Dustin Dopirak of The Bloomington Herald-Times (subscription required) reports that a Monroe County judge granted a request for a protective order against Indiana running back Darius Willis arising out of allegations of domestic violence.  Here is a link to a short excerpt from the article on the H-T's Hoosier Scoop blog.  I want to tread carefully here and be respectful of the H-T's pay wall and of the H-T's work on this matter.  If you want all of the details, go to the H-T website and pay your $5.95.  All that said, it strikes me as a fairly unusual situation.  The allegation is that this incident happened in December, that the request for a protective order was filed about a month later, and that the order was entered recently.  The underlying allegations, as the excerpt on Hoosier Scoop and from additional detail in the story make clear, are disturbing. 
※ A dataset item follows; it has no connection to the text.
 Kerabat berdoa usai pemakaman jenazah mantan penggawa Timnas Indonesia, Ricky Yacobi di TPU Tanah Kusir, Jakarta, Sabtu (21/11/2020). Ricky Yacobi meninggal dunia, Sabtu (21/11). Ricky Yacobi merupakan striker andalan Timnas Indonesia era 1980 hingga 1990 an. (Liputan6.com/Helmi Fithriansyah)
I have very little background in criminal law, but based on my experience several years ago as an intern at a county prosecutor's office, I have trouble making sense of what is going on.  Apparently, the alleged victim did not want to press charges.  In my experience, the wishes of a victim do not necessarily carry the day in domestic violence prosecutions.  Often, the victims of domestic violence are married to or otherwise attached to the perpetrators and do not want to prosecute despite multiple instances of abuse.  If the victim’s report is the only evidence that domestic violence occurred, then the victim’s failure to cooperate with the prosecution obviously can be fatal to the case.  On the other hand, in cases in which other evidence is available, such as physical evidence of injuries or the testimony of witnesses, often the prosecutor will move forward, often to the consternation of the person who reported the abuse in the first place.  Again, I don’t want to give away the H-T’s premium content, but suffice it to say that the evidence against Willis goes beyond the report of the alleged victim. 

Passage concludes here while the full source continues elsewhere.